Music at School


The only way I know how to feel something is to make a mix about it.

One of my favourite things to do as a teenager was to make a mixtape. Self indulgent? Yes. Time consuming? Always. Satisfying? Beyond words. I had mixtapes for everything (and everyone .. including my dog “Shoona”). Now, before I continue, a word of warning: mixtapes are mixtapes. Not ‘mix CD’, ‘playlist’ or even ‘mix tape’. Please. They are WAY more refined. Mixtapes are not a random mix of favourite songs, they live on magnetic tape and are painstakingly created according to nine strict rules:

1) Mixtapes are for others. Actually, they are specifically for one person. One mixtape per person. No duplicates. A mixtape is a very personal thing; you can’t just create a Spotify playlist and share it on your favourite social media site. You must know the person’s musical taste before you begin their mixtape.

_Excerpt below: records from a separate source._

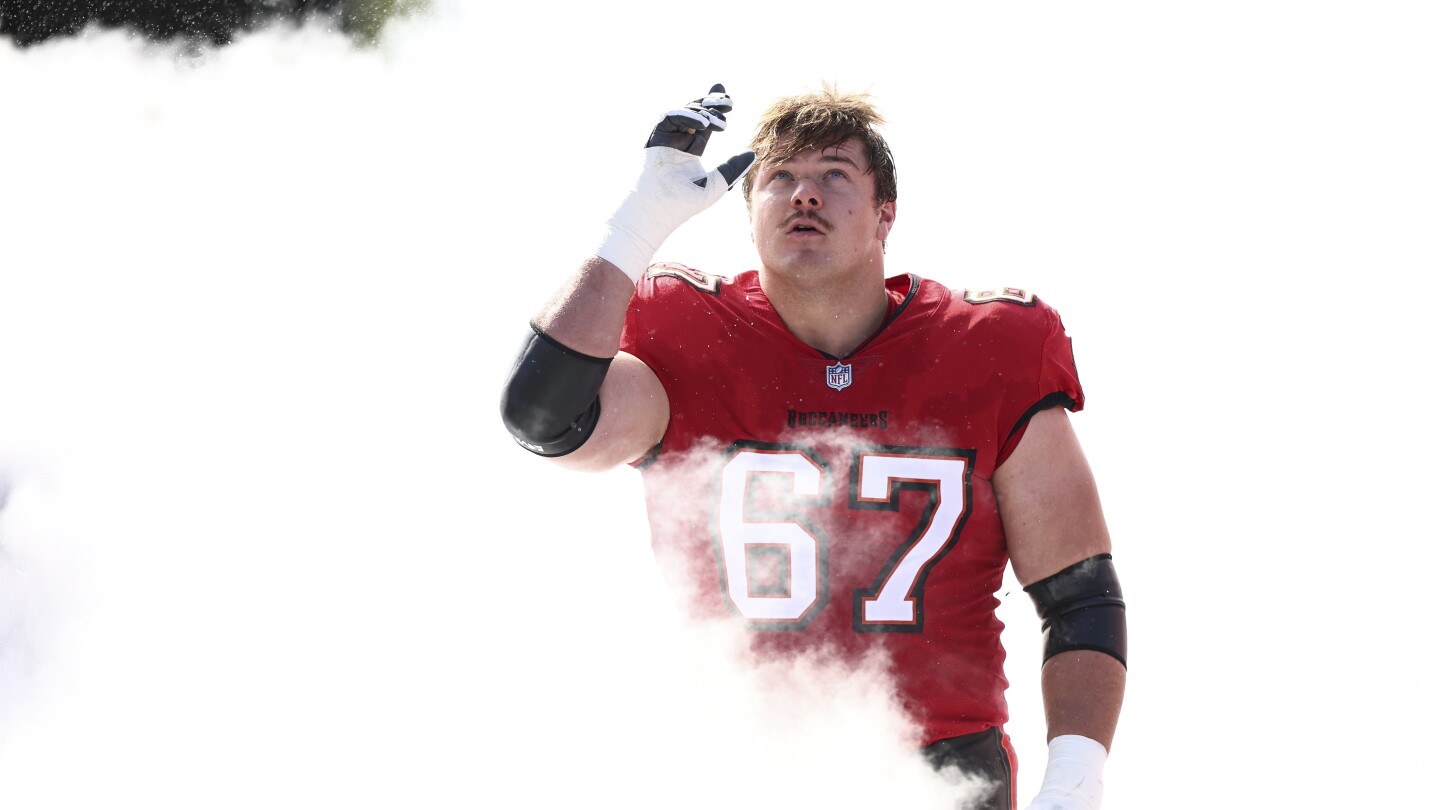 Featured image for Buccaneers Sign Luke Goedeke to $90M, Four-Year Extension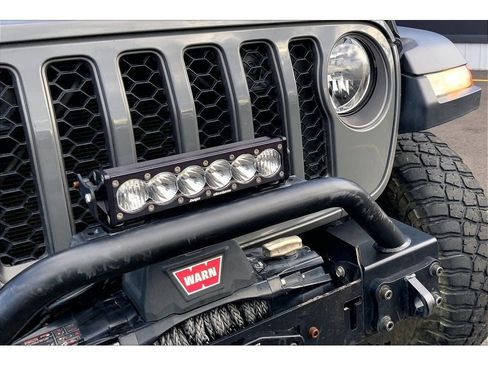 Used 2020 Jeep Gladiator Rubicon AWD/4WD image 31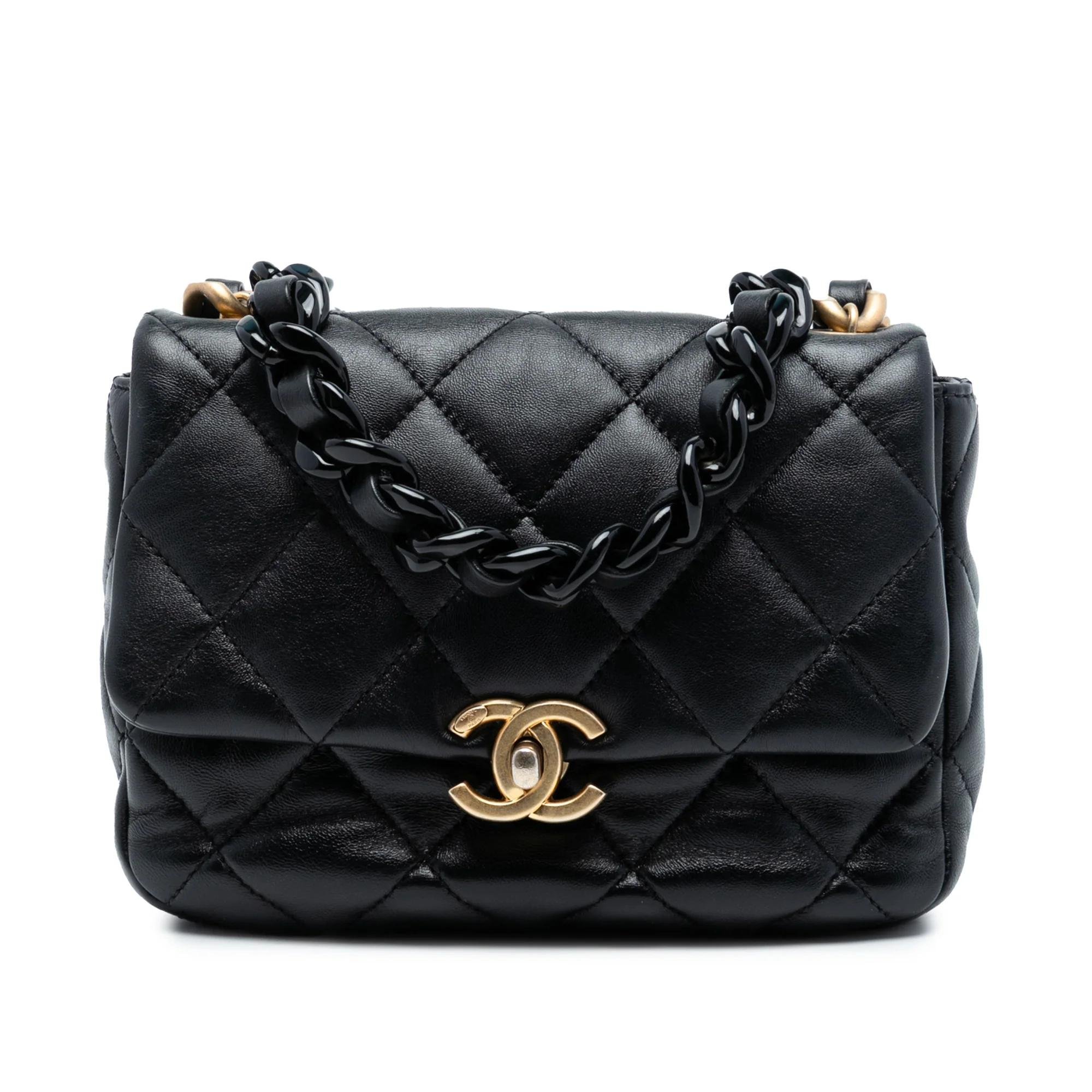 Chanel Timeless/Classique leather crossbody bag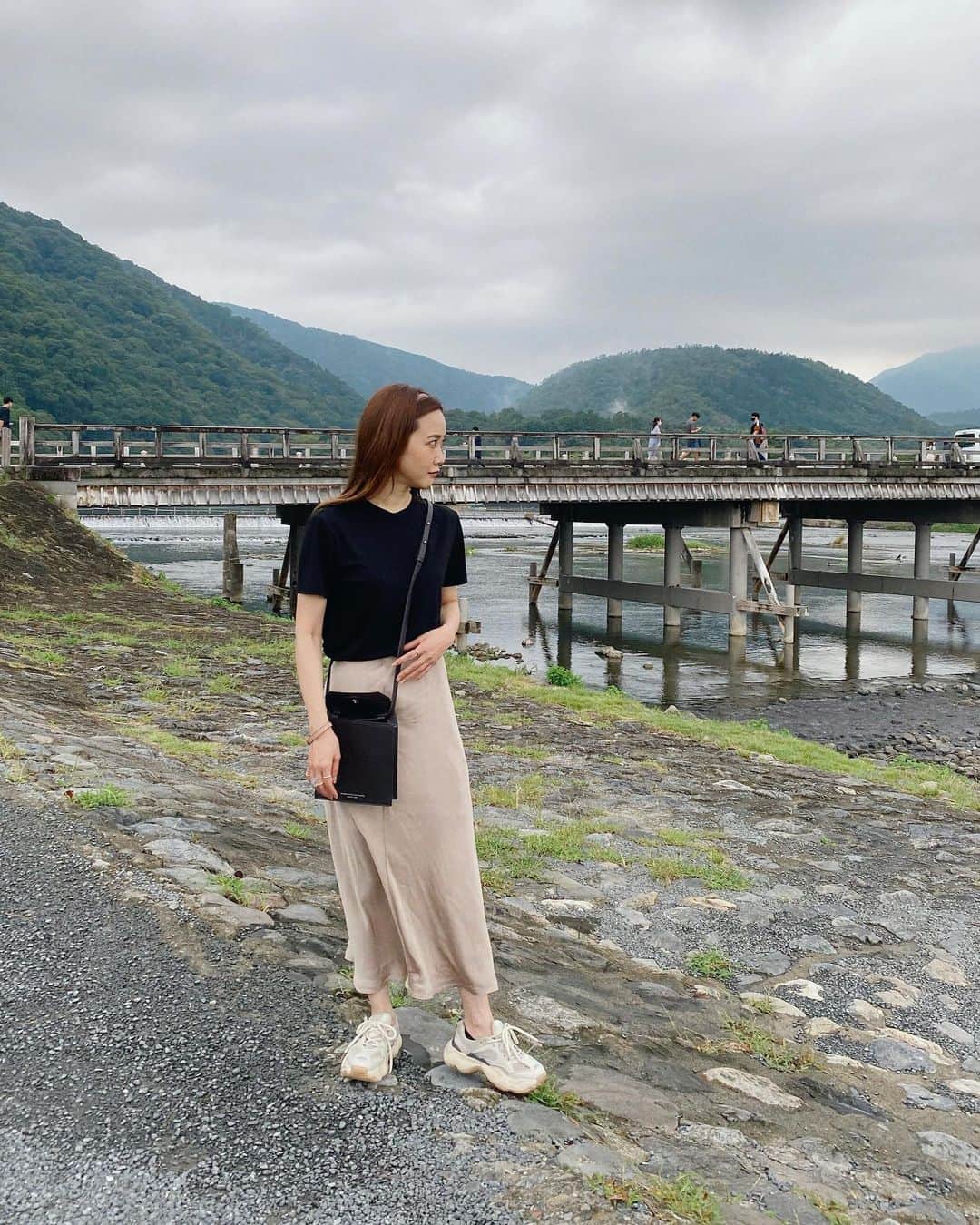 田中里奈さんのインスタグラム写真 - (田中里奈Instagram)「京都一日目のコーディネート  ・トップス…@gvgv_official  ・スカート…@plage_jp  ・バッグ…@harunobumurata_official  ・カチューシャ…@me_percent   実は久々のスカートコーデ。 京都だし、たまには〜！って思ってお上品なサテン素材のスカートを引っ張り出してみました。 普段はほぼほぼパンツ生活🙋🏻‍♀️🩳  スニーカーは楽天で買ったもので、楽天ROOMに載せてます！（ブランド名とかなさそう） 間違いなく今年一番ヘビロテしてる…！  たまたまタイミング合ってさくっと嵐山2時間だけ合流。そんなフットワーク軽めの友人がいることに感謝🙏  #rina_outfit  #たなか旅メモ #渡月橋 #嵐山 #京都旅行」9月15日 20時57分 - tanakaofficial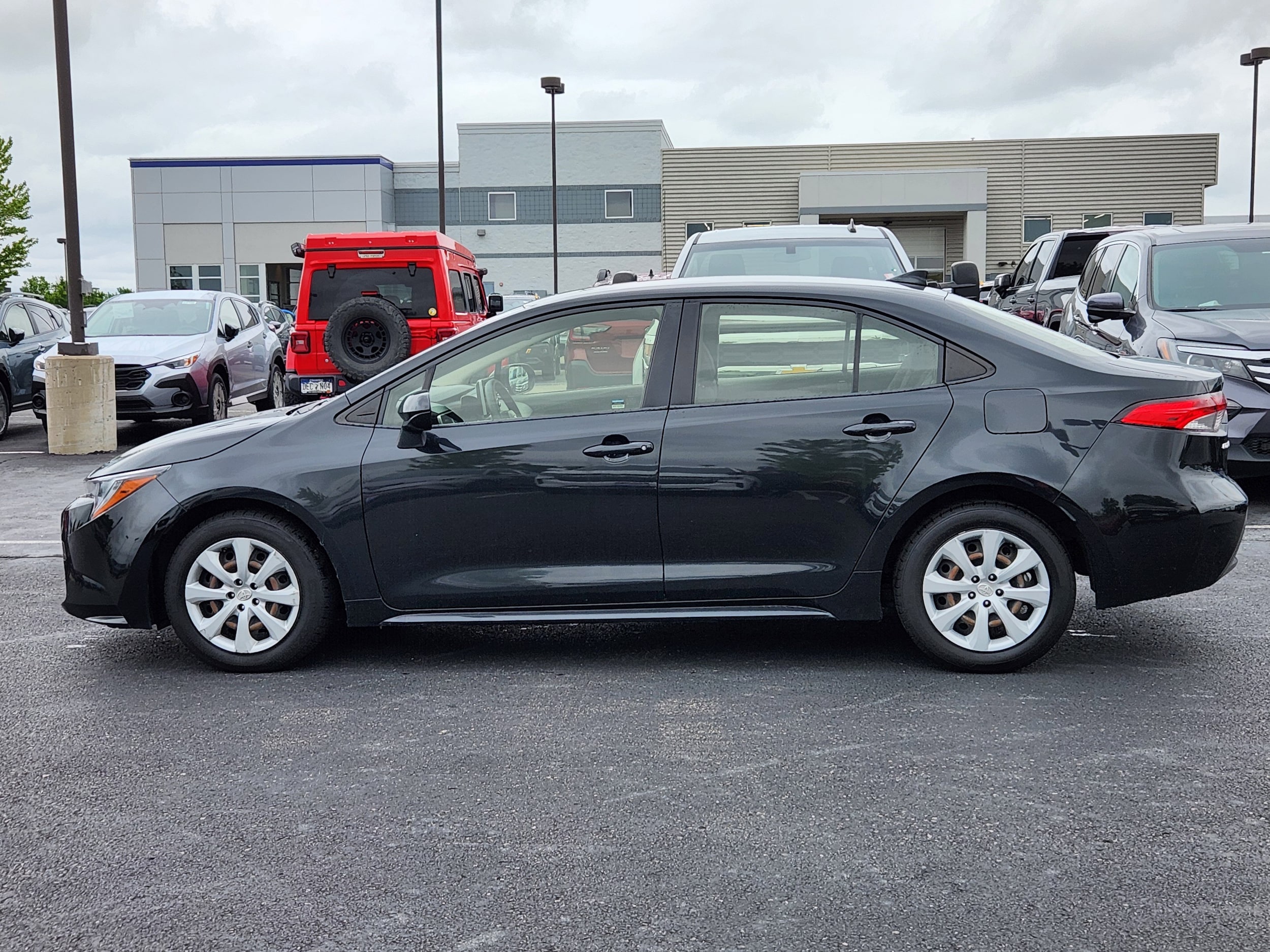 Used 2020 Toyota Corolla LE with VIN JTDEPRAE0LJ098297 for sale in Loveland, CO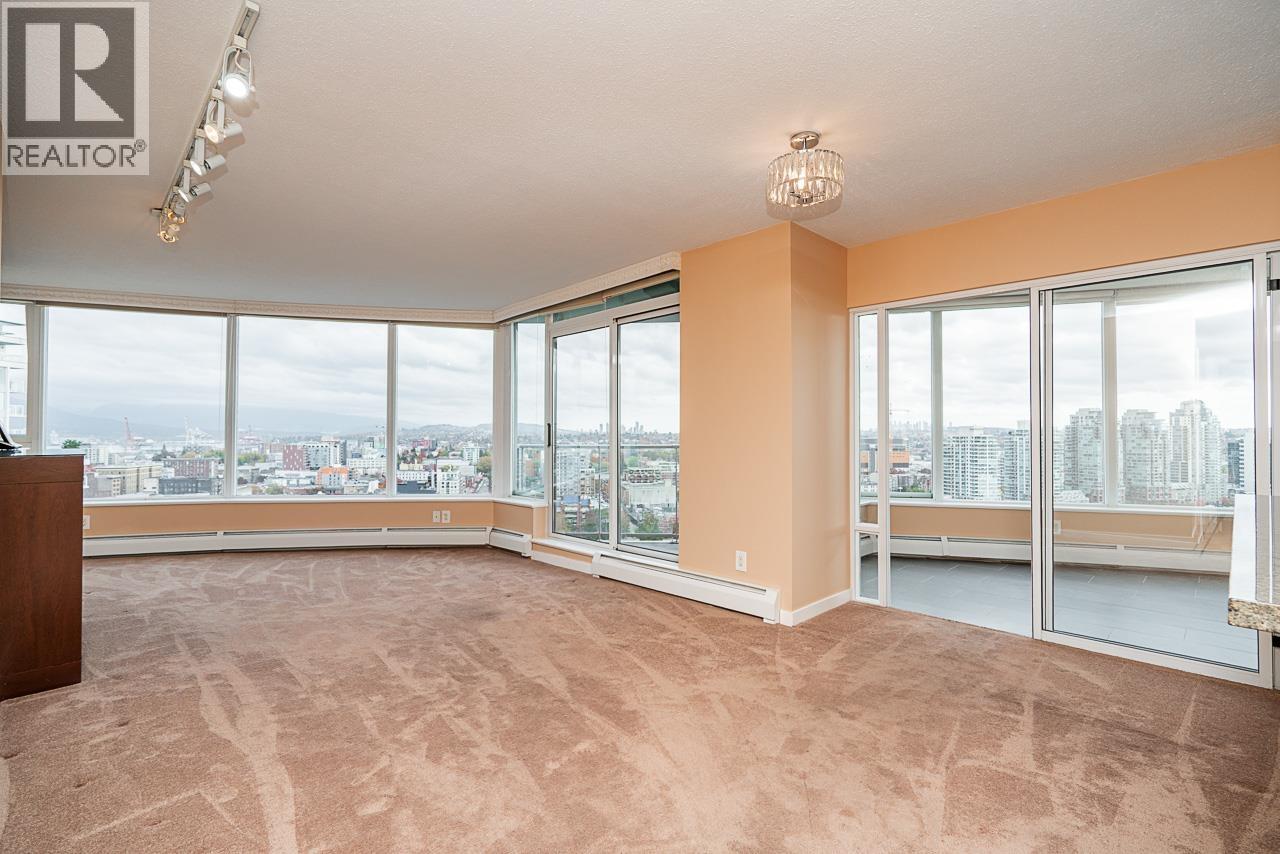 2608 58 Keefer Place, Vancouver, British Columbia  V6B 0B8 - Photo 2 - R3062254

2) Mixtapes are musically intelligent. A mixtape is not something you can throw together and hope that it works. A mixtape full of top 40 hits just isn’t a mixtape. If you add One Direction or Beyoncé you have failed. Mixtapes show how musically educated you are. They give the impression you listen to lots and lots of music, frequently visit gigs that are at venues other than O2 or Wembley, and spend your Saturday mornings at the local independent record shop. Use covers, live versions, acoustic versions, orchestral backing etc etc. Anything that makes you seem in the know.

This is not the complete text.